Cricket needs to address the player-board run-in (or stand-off) issues at the earliest. The problem in its entirety lies in the adamancy on both the sides. Ultimately, the nation’s cricket is at loss.
Kevin Pietersen’s announcement of retirement from limited overs’ format was certainly a shocker. In his statement Pietersen said, “With the intensity of the international schedule and the increasing demands on my body, I think it is the right time to step aside and let the next generation of players come through to gain experience for the World Cup in 2015”.
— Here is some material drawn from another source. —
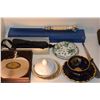 Image 3 : MIXED LOT: FLASK, CUPS & SAUCERS, LETTER OPENERS, PENS, BOW TIES, CHOP, ETC.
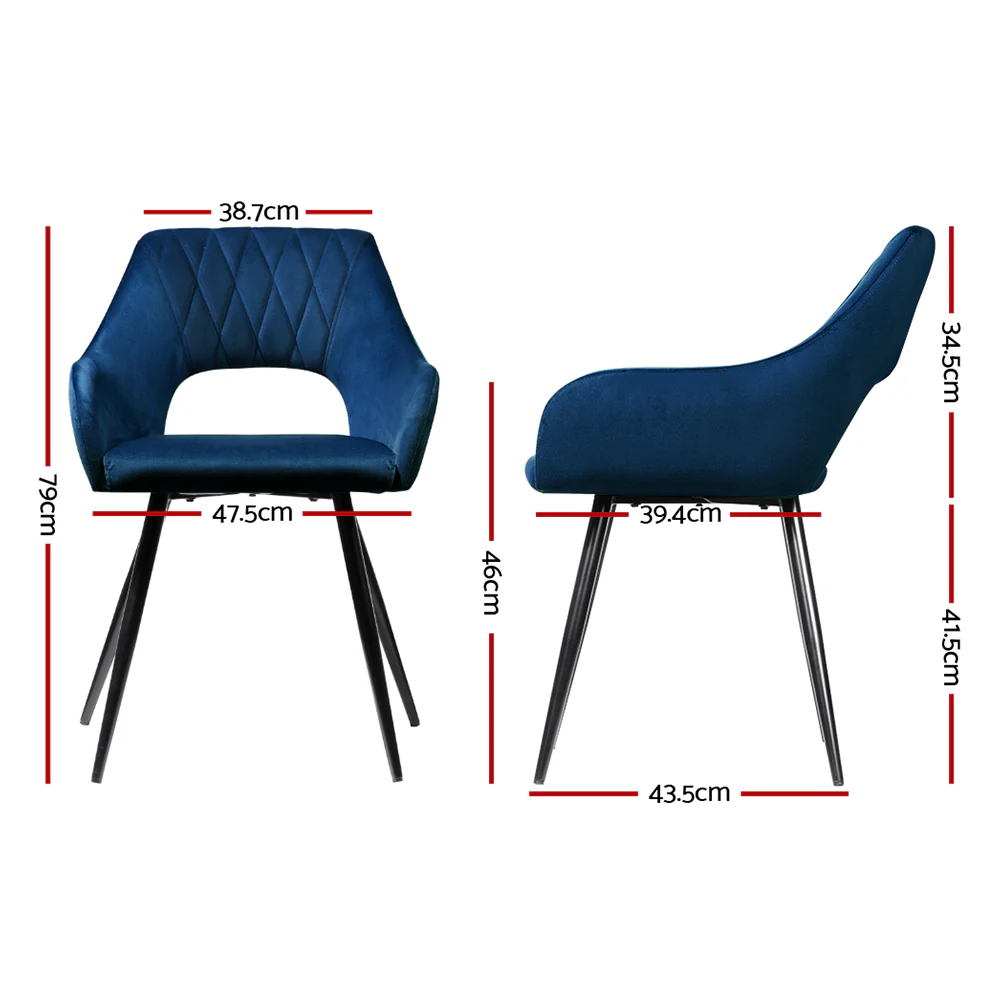 Dining Chairs Set of 2 Blue Velvet Caitlee - Image 2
The last two ODIs that he played for England saw him score 111* and 130 respectively against Pakistan in Abu Dhabi. His last T20 score was 62 against the same opposition. These not only show the kind of form he carried but a collective loss ofEnglandcricket, the board and lastly himself. Certainly, his frequent run-ins with his ‘adopted board’ have led to this decision.
The England Cricket Board (ECB) had a rule stating that central contract players would have to make themselves available for both formats in the limited overs or nothing. Pietersen, however, was keen on continuing in T20s and quitting ODIs. The board refused and resultantly, the decision was announced by him. “For the record, were the selection criteria not in place, I would have readily played for England in the upcoming World Twenty20,” he said. His central contract would also be downgraded as he would be only chosen for the Tests henceforth.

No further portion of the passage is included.